[[ Extracted information open ]]

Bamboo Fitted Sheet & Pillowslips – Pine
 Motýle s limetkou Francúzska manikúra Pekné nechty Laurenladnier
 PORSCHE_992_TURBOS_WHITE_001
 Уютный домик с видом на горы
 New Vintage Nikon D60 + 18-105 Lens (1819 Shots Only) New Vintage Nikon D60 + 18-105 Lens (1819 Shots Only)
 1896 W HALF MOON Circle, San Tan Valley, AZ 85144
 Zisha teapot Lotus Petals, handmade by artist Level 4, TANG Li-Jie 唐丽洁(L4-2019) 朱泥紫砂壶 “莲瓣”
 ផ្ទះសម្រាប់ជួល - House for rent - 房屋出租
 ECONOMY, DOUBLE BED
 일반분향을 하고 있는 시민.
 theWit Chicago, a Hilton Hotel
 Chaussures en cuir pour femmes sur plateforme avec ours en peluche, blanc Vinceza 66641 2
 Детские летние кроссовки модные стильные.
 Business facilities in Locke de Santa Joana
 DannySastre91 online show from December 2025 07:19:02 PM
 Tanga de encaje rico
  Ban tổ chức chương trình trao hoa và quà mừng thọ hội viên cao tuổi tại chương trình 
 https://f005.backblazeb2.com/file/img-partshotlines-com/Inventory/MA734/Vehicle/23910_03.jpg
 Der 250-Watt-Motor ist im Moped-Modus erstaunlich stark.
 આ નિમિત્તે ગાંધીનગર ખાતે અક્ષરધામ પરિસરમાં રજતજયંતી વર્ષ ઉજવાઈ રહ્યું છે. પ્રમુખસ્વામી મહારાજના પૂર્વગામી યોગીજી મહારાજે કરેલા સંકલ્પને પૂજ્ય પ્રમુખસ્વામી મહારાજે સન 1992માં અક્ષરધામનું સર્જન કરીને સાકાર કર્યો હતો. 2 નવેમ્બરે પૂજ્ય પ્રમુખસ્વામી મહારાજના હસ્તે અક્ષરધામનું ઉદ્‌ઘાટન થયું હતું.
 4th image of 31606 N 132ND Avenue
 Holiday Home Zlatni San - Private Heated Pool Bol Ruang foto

[[ Extracted information closed ]]

## [Problem statement]
After finding the line that contains "Детские летние кроссовки модные стильные." in the records above, copy that line and each one after it exactly, through the final line.

## [Response to this task]
 Детские летние кроссовки модные стильные.
 Business facilities in Locke de Santa Joana
 DannySastre91 online show from December 2025 07:19:02 PM
 Tanga de encaje rico
  Ban tổ chức chương trình trao hoa và quà mừng thọ hội viên cao tuổi tại chương trình 
 https://f005.backblazeb2.com/file/img-partshotlines-com/Inventory/MA734/Vehicle/23910_03.jpg
 Der 250-Watt-Motor ist im Moped-Modus erstaunlich stark.
 આ નિમિત્તે ગાંધીનગર ખાતે અક્ષરધામ પરિસરમાં રજતજયંતી વર્ષ ઉજવાઈ રહ્યું છે. પ્રમુખસ્વામી મહારાજના પૂર્વગામી યોગીજી મહારાજે કરેલા સંકલ્પને પૂજ્ય પ્રમુખસ્વામી મહારાજે સન 1992માં અક્ષરધામનું સર્જન કરીને સાકાર કર્યો હતો. 2 નવેમ્બરે પૂજ્ય પ્રમુખસ્વામી મહારાજના હસ્તે અક્ષરધામનું ઉદ્‌ઘાટન થયું હતું.
 4th image of 31606 N 132ND Avenue
 Holiday Home Zlatni San - Private Heated Pool Bol Ruang foto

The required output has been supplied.